Nationalsozialisten eröffnen die Hetzjagd auf Friedrich
Hellsichtig beobachtete Friedrich die politischen Tendenzen in der Weimarer Republik, beschloss aktiv dagegen anzugehen, debattierte in den Kreisen um Erich Mühsam über die nationalsozialistischen Tendenzen, wurde als Sprecher geladen, protestierte mit und stand am Ende doch am Rednerpult, getrieben vom Wunsch nach Frieden und Freiheit. Plakate zu seinen Kundgebungen warben laut Enkel Tommy Spree nur noch mit "Ernst Friedrich spricht"– das reichte schon um die Hallen zu füllen.
Den Nationalsozialisten war der engagierte Aufklärer und Pazifist ein Dorn im Auge. Nach der Machtergreifung gingen sie ihn und sein Museum aktiv an. "Zuerst wurden nur die Schaufenster zertreten,", erzählt Tommy Spree, "so oft, dass sich die Berliner Versicherungen weigerten, ihn weiter aufzunehmen."

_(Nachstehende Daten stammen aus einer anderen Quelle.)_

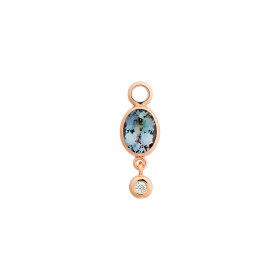 Roségold, Ohrringe, Bron Sushi Einhänger 4OR4872TBBR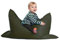 sunnypillow S Sitzsack, Outdoor & Indoor 100 x 70 cm mit 60L Styropor Füllung Sessel für Kinder & Erwachsene Sitzkissen Sofa Beanbag viele Farben und Größen zur Auswahl Dunkelgrün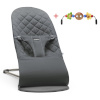 BabyBjörn lamamistool Bliss Cotton, Antrhracite with Toys (606021)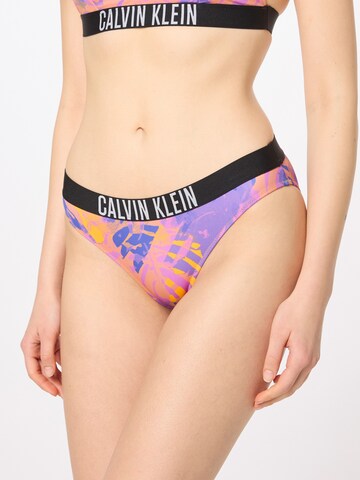 Calvin Klein Swimwear Bikini Bottoms in Mixed colors: front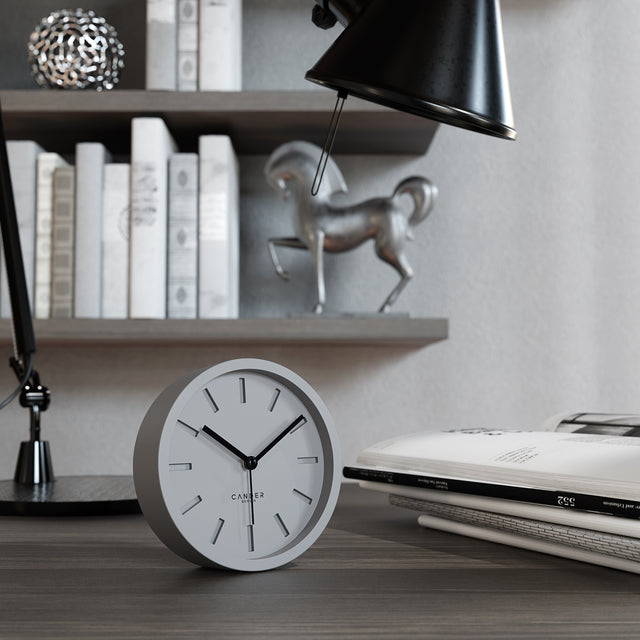 MNU 2512 K Silent MDF alarm clock 12 cm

Von 100 SA-Männern mit Knüppeln zusammengeschlagen
Friedrich beschreibt in seinen Erinnerungen selbst, wie ihn die SA immer stärker drangsalierte: "Etwa 100 Mann stark, rückten sie in voller Uniform vor das Anti-Kriegs-Museum und rissen die weiße Friedensfahne herunter. Ich wurde sofort umringt und von allen Seiten mit Knüppeln und Koppelschlössern niedergeschlagen. Jeder Nazi bemühte sich auf diese `Hitlerart` seine `Visitenkarte` bei mir abzugeben."
Im November 1932 lauerten SA-Männer dem Kriegsgegner zu sechst auf und traten ihn brutal zusammen. "Aber Ernst Friedrich wäre nicht Ernst Friedrich, wenn er sich nicht gleich mit seinen schlimmen Wunden zu einem Journalisten geschleppt hätte und dann erst ins Krankenhaus ging", berichtet der Enkel und zeigt stolz den Zeitungsausriss dazu. Der Beitrag "Wie die Nazi-Banditen den Kriegsgegner Ernst Friedrich zurichteten" wurde gleich am nächsten Tag gedruckt und mit einem Bild des stark verwundeten Opfers versehen.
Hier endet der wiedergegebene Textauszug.